Customer reviews are the heart of Yelp's popularity and success, and yet you couldn't write a review from mobile until August 2013.
Consumer and Mobile Products Vice President Eric Singley tells us how they figured out how to get users to write out high-quality reviews—through gentle nudges, clever filtering, and a little bit of social priming.
Below is an edited version of our interview.
The worst-case scenario for writing a review on mobile was "Good fries, five stars." That was failure for us. So everything on the product design was based on mitigating that risk, ensuring that wasn't the path we went down.
This is Yelp's bread and butter, this is what we do better than anybody else: encourage high-quality contributions. We've learned how to make that work well on the web. There are concepts there that we could re-use.

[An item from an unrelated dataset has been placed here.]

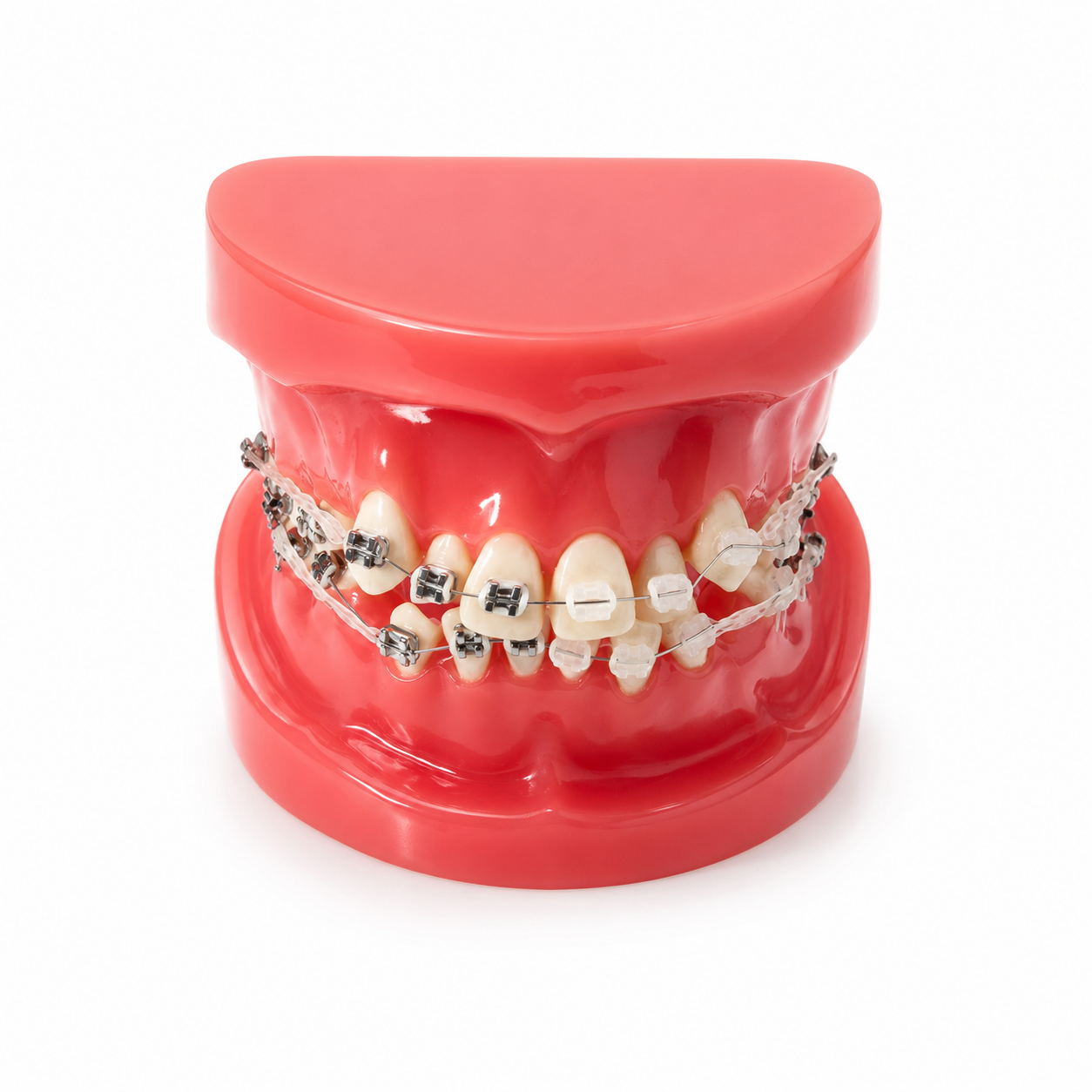Red dental model showing braces on both upper and lower teeth for orthodontic demonstration.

One is modeling or mirroring—you show people the kind of content that you want them to write before they write it. They have an idea for what the goal is.
For example, on Yelp.com, you see the highlighted review of the day, front and center on the site. We reward our best contributors, and this hand-selected group of elite Yelpers get a stamp on their profile that says they create the best content. Other people see these badges and they get an idea of the type of content they should be writing to achieve that kind of status.
It's also very instructive to look at what we don't do—we don't tell users that they need to write X number of reviews to be elite or that we consider a high-quality review to be 150 to 200 characters. It's important to keep the objectives a little bit fuzzy. You don't know exactly what the bar is, but you should know that the bar is high. That's what we're going for, both on the web and on mobile.
When you tap to write a review on mobile, there's a brief moment where we show you a recently written review that's of good quality. You see that for a moment, and then the keyboard pops up, and then you can start writing. When you start writing, you get that last flash of content we'd like you to write.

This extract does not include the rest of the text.